Prime Minister of Morocco
- Incumbent
- Assumed office 7 October 2021
- Monarch: Mohammed VI
- Preceded by: Saadeddine Othmani

Leader of the National Rally of Independents
- In office 12 October 2016 – 7 February 2026
- Preceded by: Salaheddine Mezouar
- Succeeded by: Mohamed Chaouki

Minister of Agriculture, Fisheries, Rural Development, Water and Forests
- In office 6 April 2017 – 10 September 2021
- Prime Minister: Saadeddine Othmani
- Preceded by: Himself (as Minister of Agriculture and Fisheries)
- Succeeded by: Mohamed Sadiki

Minister of Agriculture and Fisheries
- In office 15 October 2007 – 6 April 2017
- Prime Minister: Abbas El Fassi Abdelilah Benkirane
- Preceded by: Mohand Laenser
- Succeeded by: Himself (as Minister of Agriculture, Fisheries, Rural Development, Water and Forests)

Personal details
- Born: 16 August 1961 (age 65) Tafraout, Morocco
- Party: National Rally of Independents (2007–2012, 2016–present)
- Other political affiliations: Independent (2012–2016)
- Spouse: Salwa Idrissi
- Children: 3
- Relatives: Abd al-Hady Akhannouch (brother)
- Education: Université de Sherbrooke
- Occupation: Businessman, politician
- Website: www.akwagroup.com

= Aziz Akhannouch =

Prime Minister of Morocco since 2021

Aziz Akhannouch (عزيز أخنوش, ⵄⴰⵣⵉⵣ ⴰⵅⵏⵏⵓⵛ; born 16 August 1961) is a Moroccan politician, businessman, and billionaire who has served as the Prime Minister of Morocco since 2021. He served as Minister of Agriculture from 2007 to 2021 and is also the CEO of Akwa Group. His political career has been generally characterized by several controversies, including accusations of corruption and negative relations with the press.

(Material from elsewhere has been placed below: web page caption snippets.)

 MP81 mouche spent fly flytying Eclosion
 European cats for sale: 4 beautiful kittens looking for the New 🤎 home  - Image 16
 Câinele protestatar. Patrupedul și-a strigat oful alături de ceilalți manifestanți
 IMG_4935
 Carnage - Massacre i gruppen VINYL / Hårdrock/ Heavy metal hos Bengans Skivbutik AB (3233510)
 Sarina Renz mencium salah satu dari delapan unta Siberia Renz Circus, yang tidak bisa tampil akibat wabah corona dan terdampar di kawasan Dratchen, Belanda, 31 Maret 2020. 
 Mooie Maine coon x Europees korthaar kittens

Akhannouch's government has been characterized by inflation, as well as continued protests and suppression of dissenting opinions.

==Early life and education==
Akhannouch was born in 1961 in Tafraout and raised in Casablanca. His mother and sister were survivors of the 1960 Agadir earthquake that killed ten of his family members; they were reported to have been left buried beneath rubble for several hours before being rescued.

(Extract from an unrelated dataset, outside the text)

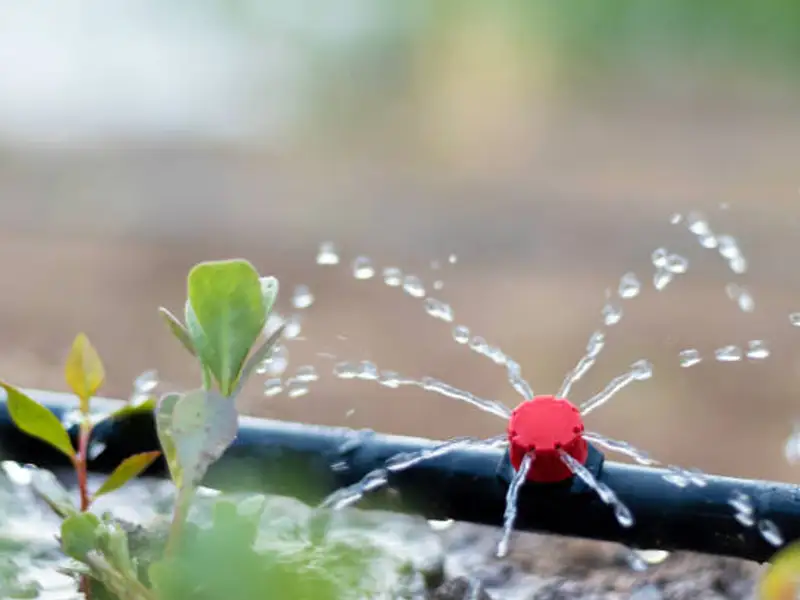 Top 5 idei inovatoare pentru stropirea grădinii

In 1986, Akhannouch graduated from the Université de Sherbrooke with a management diploma.

==Business==
He is the CEO of Akwa Group, a Moroccan conglomerate particularly active in the oil and gas sector. Forbes estimated his net worth as $1.4 billion in November 2013. Akhannouch inherited Akwa from his father. In 2020, he was ranked 12th on Forbess annual list of Africa's wealthiest billionaires, with an estimated net worth of $2 billion.

==Political career==
From 2003 to 2007, Akhannouch was the president of the Souss-Massa-Drâa regional council. He was a member of the National Rally of Independents party, before leaving it on 2 January 2012.

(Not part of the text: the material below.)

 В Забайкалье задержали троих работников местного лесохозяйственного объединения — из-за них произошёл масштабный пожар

He served as Minister of Agriculture and Fisheries between 2007 and 2021. During this period, he successfully implemented the Green Morocco Plan, an ambitious agricultural development strategy that was introduced by King Mohammed VI in April 2008 and has received international recognition and admiration as a true model and example.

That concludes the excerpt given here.